Kassie wasn’t raised by her iwi—she was adopted into a Pākehā family from the Netherlands. Her adoptive parents raised her with a Pākehā worldview, and it wasn’t until she was a teenager that she found out she was Māori.

“Their basic thing was the British idea of adoption,” says Kassie. “You just erase everything about where someones come from and they’re now your baby. Which is obviously very different to what we understand of whāngai because it never takes away from where you come from, right?”

Kassie is an activist. Currently she’s working on publishing a book called Aunties’ It’s a collective how-to guide by women who have experience with political organising. She left university when her friend was expelled for burning a New Zealand flag. She is someone who has clearly drawn a lot of her strength and values from her immersion in Te Ao Māori. For Kassie, she wasn’t going to feel whole until she was able to connect these gaps in the history of who she was.

“Colonisation has taken so much away from us and what it would’ve wanted was to spread everyone around and disconnect everyone from their roots. So they never find [their Māoritanga] again. I didn’t want to be another lost person.”

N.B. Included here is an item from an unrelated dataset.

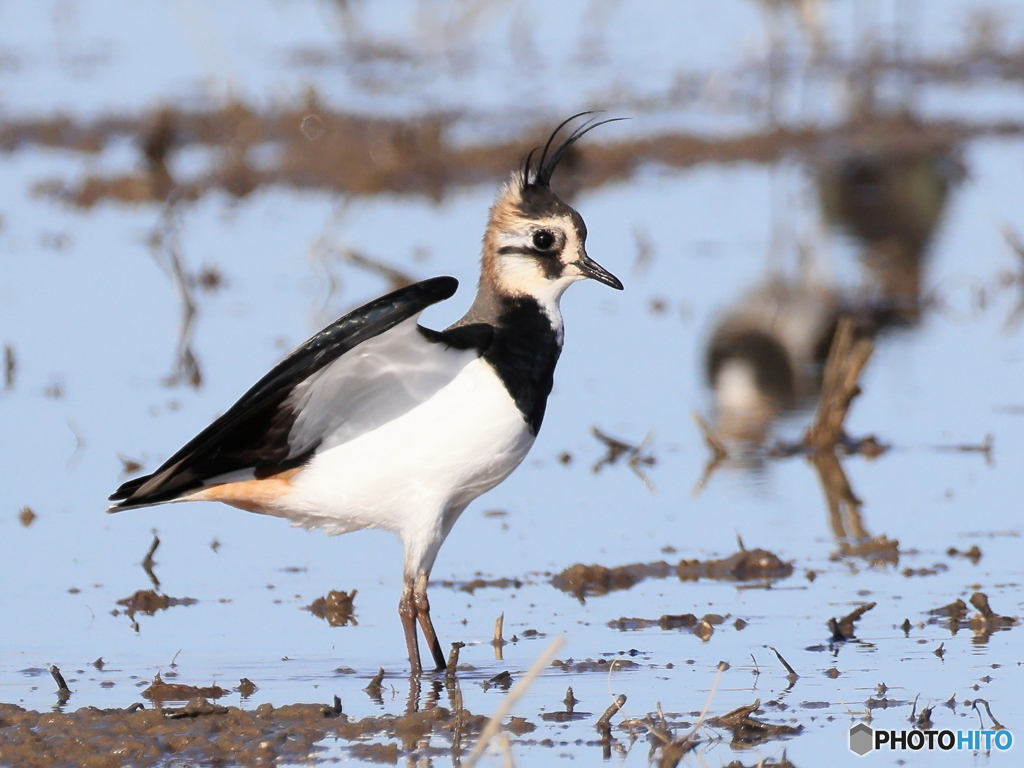 タゲリ百選 私怒ってます 冠羽逆立つ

At university in 2011, she began volunteering for an LGBTQ+ youth group. She was working with teenagers, and it was during a time that where was a lot of ‘gay bashings’ in Wellington. During this time, the city organised a visibility walk called Queer the Night. It was intended to make safe space for the Wellington queer community. There was a lot of energy at the time for talking having critical conversations about what it means to be queer; for Kassie this conversation was all about takatāpuitanga.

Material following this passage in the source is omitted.